Monday, 12 September 2016

Ekklesia and all it's problems.

I phoned up my dad yesterday and he started telling me about a conversation he had with his friend. It was around the word "church". He told me that the word "church" had never been used in the Bible, and Jesus never said it. (I did think, "Well, duh, Jesus spoke Greek.") The point my dad was getting at was about the problems of our understanding of the word "church". It's not a new argument and you can find a bit about it on the interweb.

The general idea goes like this. The word church is used as our translation of the Greek word, ekklesia. This word in the Greek means a public assembly or gathering. It could be a gathering due to a public function or it could be a crowd that gathered for some other reason, perhaps like a riot. So it was simply a group of people, of an indeterminate quantity meeting in an indeterminate fashion for an indeterminate reason. The problem that people have with the word church, or translation of the Greek idea, is the connotations of institutionalism or an architectural landmark. It's less about the people and more about the systems or the bricks and mortar.

Herein, I agree. The word church is flawed because of what meanings we have given it.

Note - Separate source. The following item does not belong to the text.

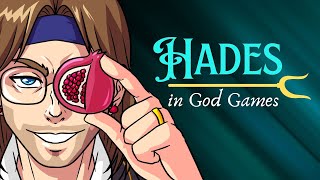 Hades in God Games  Epic The Musical FAN SONG ANIMATION BY ns2dstudios [upl. by Cicely312]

Now, it sounded like the dispute turned into something about how the problem lay in an inerrant and inaccurate translation. As the word 'church' was not a direct derivative of the word ekklesia this has contributed to this problem. Read this article here, which details this in a lot of, well, detail.

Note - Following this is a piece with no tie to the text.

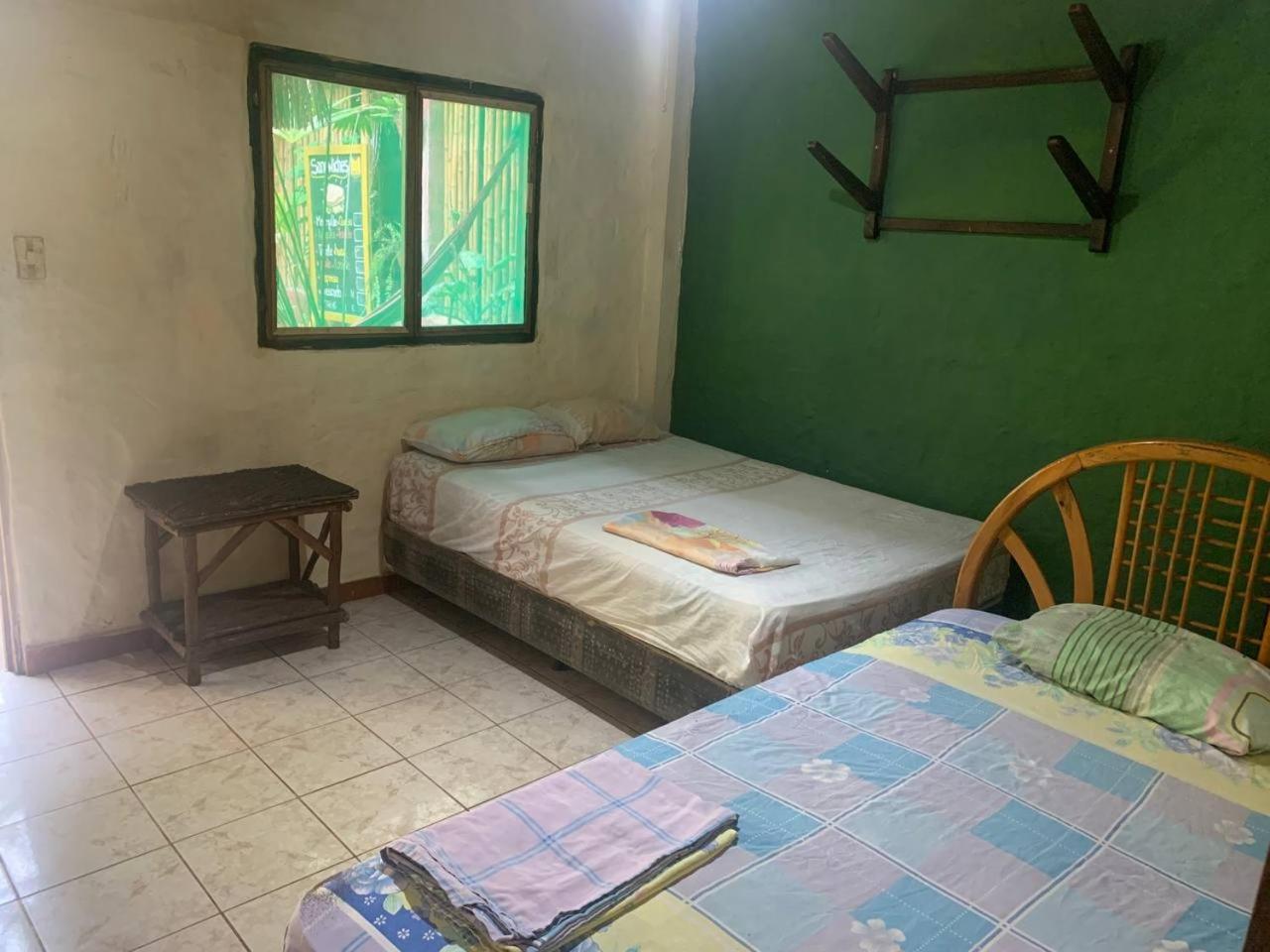 Hostal Mamacucha Montañita 外观 照片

Now, I'm going to say the problem is not with semantics. As a bloke who had to study literary theory, I had to read up on deconstructionism. This is the idea that there was no connection between the object or idea and the word we gave it. For example, we assigned the letters c-a-t (to be said /kæt/) to the feline mammals that scratch sofas across the breadth of Britain. There is no link between those letters and sound combinations and animal other than the meaning we gave to it. There is no real link between the letters c-h-u-r-c-h (and the sounds /tʃɜrtʃ/) and the idea. Therefore, simply changing the arbitrary letters and sounds for another set (such as a-s-s-e-m-b-l-y, said /əˈsɛm'bli/) will not make much difference.

In French, the word for church is église. This word takes it roots, via Latin, from ekklesia. I don't think they have a better idea of it being about the people and not the institution, despite the stronger link. Otherwise, they probably would not protect the division between the church and state so fiercely. The word, or label, we give an idea is not the problem; or at least, changing the word is probably not going to get us that far.

What we need to do is change the idea. How we do that? Ay, there's the rub. How do we change the idea attached to the word church to mean more than old buildings with pointy spires? How do we make it more than the ten-thirty Sunday service? But the other big question is what should it mean instead? How do we get rid of cultural and personal baggage and give the word it's proper meaning? These are big questions, and indeed hundreds of books have been written about this.

I don't have the answers but perhaps someone out there does!

Help me out! What are your thoughts?

  1. What does the word "church" mean to you?
  2. What should the word church mean?
  3. If you could create a dictionary definition for the word, what would it be?
  4. Why is there a discrepancy between what the idea of church should be and what it is commonly held to be?
  5. How do we change the ideas surrounding the word church?
Wow. Some massive questions there! Let me hear your views.